Hi all. Just had a quick question for all you nissan fans. I just picked up my '06 3.5 SE a week ago and I noticed one thing about it that I believe is normal but I wanted to double check. 


Everytime when I go to drive the car, I'll start it up and put it in either drive or reverse. (Auto) Once in gear and I start to move 5-10 feet I hear a very very light click sound which sounds like its coming from the engine bay. It almost sounds like when you lock your power doors except its alot less noticeable. If you weren't listening for it I doubt you would even hear it. The car has less than 300 miles on it and it had done it since it was brand new so I'm thinking its normal.

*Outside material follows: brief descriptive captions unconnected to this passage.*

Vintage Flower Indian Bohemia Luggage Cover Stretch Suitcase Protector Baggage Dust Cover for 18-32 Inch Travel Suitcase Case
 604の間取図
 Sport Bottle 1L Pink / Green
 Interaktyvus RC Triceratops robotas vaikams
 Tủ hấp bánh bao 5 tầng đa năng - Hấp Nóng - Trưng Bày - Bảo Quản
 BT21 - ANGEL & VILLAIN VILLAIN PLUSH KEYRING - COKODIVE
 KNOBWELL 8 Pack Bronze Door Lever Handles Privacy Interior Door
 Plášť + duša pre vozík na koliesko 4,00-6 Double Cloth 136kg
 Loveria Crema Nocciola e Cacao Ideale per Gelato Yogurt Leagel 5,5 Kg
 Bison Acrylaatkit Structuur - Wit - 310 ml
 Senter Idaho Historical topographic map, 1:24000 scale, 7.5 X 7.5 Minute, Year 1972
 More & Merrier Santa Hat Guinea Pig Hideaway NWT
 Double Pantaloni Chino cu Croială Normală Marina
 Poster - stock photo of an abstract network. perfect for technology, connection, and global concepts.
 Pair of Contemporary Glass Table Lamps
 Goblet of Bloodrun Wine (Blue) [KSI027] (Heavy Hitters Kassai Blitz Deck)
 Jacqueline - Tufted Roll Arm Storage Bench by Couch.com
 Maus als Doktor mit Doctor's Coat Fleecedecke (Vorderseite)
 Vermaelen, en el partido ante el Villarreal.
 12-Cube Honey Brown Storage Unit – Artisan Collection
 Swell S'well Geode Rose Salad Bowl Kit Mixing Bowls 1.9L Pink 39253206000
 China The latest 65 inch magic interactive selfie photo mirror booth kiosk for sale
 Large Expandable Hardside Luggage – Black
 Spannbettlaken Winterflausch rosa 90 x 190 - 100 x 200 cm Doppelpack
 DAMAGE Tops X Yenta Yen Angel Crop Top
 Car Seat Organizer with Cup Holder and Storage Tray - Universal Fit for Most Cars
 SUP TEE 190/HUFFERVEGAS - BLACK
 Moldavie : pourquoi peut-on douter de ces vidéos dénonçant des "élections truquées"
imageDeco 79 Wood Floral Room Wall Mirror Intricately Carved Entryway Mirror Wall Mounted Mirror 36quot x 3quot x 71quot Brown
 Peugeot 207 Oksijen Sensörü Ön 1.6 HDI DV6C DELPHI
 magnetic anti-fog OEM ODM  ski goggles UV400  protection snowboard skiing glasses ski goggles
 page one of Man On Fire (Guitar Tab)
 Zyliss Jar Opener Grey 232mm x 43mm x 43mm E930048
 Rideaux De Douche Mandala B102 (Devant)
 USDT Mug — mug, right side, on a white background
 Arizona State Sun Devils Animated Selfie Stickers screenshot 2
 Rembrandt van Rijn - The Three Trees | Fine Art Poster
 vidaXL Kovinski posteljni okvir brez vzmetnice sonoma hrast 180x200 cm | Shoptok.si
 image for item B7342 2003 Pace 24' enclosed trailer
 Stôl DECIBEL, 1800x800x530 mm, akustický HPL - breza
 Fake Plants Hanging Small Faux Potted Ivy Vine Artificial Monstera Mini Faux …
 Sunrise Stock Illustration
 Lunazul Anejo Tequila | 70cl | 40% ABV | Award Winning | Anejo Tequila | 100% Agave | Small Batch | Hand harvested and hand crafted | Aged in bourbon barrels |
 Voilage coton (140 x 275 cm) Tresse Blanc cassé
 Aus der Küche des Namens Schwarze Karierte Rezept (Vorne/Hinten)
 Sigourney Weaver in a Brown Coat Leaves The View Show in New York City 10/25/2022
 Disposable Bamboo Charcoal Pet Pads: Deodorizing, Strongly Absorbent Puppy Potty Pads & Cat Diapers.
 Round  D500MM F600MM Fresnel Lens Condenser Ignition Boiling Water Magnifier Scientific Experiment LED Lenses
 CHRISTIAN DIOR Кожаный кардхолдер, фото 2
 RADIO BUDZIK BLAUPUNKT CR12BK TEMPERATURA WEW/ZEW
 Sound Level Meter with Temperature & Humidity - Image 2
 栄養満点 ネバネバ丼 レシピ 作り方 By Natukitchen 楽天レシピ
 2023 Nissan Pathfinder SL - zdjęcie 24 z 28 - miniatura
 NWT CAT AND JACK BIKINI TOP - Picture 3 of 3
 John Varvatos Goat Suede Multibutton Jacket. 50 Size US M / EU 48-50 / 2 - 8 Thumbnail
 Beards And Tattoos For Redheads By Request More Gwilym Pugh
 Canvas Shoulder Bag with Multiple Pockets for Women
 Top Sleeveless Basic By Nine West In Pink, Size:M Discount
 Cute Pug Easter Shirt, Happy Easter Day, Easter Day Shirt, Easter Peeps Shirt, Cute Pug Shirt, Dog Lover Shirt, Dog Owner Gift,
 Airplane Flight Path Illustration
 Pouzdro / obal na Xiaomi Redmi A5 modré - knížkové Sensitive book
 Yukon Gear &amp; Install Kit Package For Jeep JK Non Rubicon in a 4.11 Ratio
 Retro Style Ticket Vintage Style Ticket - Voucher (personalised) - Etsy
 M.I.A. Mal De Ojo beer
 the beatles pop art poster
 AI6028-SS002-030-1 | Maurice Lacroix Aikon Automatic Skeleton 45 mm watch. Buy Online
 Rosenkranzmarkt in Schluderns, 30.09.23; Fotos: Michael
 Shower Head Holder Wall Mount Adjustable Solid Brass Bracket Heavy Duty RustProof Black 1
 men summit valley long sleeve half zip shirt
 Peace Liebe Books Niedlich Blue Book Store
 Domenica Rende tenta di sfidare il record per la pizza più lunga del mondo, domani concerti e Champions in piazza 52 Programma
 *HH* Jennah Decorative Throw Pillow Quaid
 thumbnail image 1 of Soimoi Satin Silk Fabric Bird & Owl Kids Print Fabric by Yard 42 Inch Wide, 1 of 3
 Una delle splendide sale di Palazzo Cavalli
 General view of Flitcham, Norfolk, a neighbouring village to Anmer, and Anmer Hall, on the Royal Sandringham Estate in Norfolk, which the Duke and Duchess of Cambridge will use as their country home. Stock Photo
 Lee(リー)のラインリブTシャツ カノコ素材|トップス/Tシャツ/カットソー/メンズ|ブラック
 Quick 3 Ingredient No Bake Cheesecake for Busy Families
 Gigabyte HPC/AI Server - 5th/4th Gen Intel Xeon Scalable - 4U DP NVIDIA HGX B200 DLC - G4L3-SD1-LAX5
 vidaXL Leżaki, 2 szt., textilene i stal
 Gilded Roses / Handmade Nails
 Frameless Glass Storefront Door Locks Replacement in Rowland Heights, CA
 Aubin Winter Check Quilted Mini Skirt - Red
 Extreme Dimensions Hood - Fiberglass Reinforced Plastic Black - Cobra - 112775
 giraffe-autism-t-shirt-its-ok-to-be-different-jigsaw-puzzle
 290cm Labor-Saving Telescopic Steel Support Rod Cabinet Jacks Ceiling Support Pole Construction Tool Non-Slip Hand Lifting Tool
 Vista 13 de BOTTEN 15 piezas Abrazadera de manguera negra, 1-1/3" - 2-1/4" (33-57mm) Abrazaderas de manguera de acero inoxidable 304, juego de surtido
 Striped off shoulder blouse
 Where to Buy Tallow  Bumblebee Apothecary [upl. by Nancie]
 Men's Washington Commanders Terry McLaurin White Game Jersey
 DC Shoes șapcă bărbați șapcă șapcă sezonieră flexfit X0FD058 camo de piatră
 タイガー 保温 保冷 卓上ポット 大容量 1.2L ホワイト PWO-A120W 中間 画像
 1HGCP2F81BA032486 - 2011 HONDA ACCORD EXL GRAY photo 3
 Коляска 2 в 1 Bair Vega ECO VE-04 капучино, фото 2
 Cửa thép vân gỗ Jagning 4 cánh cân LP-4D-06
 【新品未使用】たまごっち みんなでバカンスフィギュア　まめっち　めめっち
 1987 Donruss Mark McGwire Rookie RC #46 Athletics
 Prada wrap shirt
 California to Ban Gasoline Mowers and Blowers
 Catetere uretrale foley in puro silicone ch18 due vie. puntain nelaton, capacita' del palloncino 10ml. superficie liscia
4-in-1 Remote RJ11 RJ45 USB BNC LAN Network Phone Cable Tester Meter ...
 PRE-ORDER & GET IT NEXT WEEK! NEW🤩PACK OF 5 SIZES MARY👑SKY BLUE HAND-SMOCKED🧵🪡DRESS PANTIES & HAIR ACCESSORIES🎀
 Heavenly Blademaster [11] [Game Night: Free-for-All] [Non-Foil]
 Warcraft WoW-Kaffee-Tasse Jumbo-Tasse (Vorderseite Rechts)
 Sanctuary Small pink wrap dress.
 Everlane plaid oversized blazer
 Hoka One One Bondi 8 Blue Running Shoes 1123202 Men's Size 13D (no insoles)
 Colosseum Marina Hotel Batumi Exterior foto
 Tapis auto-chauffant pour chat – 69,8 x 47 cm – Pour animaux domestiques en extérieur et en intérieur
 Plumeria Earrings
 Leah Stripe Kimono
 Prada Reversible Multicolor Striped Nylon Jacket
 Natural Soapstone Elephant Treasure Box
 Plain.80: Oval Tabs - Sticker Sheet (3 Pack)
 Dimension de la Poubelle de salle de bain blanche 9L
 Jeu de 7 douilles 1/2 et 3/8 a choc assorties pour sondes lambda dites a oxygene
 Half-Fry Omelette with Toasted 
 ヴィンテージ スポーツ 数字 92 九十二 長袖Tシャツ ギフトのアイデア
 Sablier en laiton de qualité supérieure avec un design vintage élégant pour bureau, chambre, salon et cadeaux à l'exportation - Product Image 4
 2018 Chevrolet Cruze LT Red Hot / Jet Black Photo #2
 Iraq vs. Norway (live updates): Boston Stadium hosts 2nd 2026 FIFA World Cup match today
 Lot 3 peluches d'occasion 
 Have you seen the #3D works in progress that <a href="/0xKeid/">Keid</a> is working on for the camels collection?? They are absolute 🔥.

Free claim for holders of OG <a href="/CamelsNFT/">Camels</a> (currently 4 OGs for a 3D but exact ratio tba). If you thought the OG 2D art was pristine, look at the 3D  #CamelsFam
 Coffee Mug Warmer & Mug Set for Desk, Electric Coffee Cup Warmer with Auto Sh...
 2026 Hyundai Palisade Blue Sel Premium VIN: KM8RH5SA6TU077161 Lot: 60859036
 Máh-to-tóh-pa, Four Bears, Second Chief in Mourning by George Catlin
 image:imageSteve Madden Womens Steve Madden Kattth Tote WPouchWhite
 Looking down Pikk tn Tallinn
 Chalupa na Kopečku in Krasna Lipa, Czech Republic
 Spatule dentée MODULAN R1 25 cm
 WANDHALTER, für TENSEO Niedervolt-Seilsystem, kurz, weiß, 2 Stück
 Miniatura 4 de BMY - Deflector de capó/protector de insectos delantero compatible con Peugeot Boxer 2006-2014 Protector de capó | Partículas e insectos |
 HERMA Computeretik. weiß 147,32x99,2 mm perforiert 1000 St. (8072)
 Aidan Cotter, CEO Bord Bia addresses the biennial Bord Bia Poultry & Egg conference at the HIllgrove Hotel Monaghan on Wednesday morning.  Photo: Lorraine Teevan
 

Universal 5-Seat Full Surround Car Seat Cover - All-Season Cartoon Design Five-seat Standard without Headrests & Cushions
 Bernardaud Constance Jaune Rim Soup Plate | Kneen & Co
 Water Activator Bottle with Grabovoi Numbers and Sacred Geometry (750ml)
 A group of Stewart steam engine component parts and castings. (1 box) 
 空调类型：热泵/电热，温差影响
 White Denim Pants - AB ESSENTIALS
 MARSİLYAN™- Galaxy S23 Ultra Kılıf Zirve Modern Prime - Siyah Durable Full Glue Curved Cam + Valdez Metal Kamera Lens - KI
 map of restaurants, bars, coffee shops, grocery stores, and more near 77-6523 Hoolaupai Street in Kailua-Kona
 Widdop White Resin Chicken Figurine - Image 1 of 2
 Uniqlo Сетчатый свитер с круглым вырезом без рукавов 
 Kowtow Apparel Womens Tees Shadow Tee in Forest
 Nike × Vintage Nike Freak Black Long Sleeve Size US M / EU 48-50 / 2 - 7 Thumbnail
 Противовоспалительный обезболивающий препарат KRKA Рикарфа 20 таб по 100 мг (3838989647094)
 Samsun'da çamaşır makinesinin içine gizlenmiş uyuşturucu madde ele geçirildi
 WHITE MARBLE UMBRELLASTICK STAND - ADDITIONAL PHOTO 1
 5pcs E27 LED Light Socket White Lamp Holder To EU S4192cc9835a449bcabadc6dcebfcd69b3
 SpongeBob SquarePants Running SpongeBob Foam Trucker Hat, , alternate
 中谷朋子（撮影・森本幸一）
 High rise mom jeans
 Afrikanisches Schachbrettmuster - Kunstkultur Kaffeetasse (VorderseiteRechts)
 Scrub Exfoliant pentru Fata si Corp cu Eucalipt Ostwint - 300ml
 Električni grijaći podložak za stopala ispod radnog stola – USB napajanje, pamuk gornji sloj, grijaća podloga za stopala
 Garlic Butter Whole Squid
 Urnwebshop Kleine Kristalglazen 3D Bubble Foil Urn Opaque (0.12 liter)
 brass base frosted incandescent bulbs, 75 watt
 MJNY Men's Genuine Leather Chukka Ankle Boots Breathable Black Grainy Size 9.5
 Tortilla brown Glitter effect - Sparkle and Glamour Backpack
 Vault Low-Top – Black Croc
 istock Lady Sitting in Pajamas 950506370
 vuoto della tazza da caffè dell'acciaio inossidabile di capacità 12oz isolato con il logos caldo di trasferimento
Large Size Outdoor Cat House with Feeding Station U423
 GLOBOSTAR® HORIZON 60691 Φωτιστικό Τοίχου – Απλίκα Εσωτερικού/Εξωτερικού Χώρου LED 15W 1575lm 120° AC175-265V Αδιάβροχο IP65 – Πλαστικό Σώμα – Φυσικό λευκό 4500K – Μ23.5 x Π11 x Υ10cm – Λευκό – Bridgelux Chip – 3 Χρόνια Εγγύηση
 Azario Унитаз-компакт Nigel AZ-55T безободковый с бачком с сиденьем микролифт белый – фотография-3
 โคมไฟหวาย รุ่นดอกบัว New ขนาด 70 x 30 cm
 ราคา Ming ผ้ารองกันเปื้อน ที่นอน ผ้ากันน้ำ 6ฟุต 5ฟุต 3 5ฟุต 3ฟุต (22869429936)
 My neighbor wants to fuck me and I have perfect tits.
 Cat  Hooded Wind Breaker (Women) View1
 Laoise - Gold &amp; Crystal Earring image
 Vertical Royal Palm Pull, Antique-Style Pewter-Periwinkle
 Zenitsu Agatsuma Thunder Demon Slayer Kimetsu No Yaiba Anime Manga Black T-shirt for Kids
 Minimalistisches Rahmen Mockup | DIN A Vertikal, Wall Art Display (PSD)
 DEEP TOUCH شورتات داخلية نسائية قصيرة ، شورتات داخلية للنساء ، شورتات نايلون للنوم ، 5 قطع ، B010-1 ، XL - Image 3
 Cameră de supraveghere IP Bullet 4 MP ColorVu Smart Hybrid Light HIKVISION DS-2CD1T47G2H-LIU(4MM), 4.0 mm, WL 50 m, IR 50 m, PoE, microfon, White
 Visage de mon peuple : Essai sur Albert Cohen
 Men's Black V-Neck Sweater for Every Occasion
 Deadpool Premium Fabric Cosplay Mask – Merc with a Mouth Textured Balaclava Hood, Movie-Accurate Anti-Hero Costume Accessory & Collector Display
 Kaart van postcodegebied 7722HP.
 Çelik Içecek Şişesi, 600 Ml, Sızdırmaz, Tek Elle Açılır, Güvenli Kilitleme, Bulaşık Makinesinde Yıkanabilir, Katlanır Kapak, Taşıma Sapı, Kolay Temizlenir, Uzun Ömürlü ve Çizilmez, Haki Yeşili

Any feedback would be good.

Thanks


----------



## 2ndb18 (Oct 24, 2004)

stieny said:


> Hi all. Just had a quick question for all you nissan fans. I just picked up my '06 3.5 SE a week ago and I noticed one thing about it that I believe is normal but I wanted to double check.
> 
> 
> Everytime when I go to drive the car, I'll start it up and put it in either drive or reverse. (Auto) Once in gear and I start to move 5-10 feet I hear a very very light click sound which sounds like its coming from the engine bay. It almost sounds like when you lock your power doors except its alot less noticeable. If you weren't listening for it I doubt you would even hear it. The car has less than 300 miles on it and it had done it since it was brand new so I'm thinking its normal.
> ...


I know that you just bought it and your worried, but try to ignore it, its not a problem. Next time you take it into the dealership just tell them about it and see if they can look at it.


----------



## Zard (Nov 24, 2007)

Hi Stieny,

Just read your question about the click sound, and having encountered the exact same issue in my car I was wandering if you were able to find out what it was / if it was a problem / and if so, what needs to be done.

Please let me know,

Thanks


----------



## kwk1 (Mar 11, 2007)

Zard said:


> Hi Stieny,
> 
> Just read your question about the click sound, and having encountered the exact same issue in my car I was wandering if you were able to find out what it was / if it was a problem / and if so, what needs to be done.
> 
> ...


Yeah, what the hell is that noise?
Someone gots ta know........


----------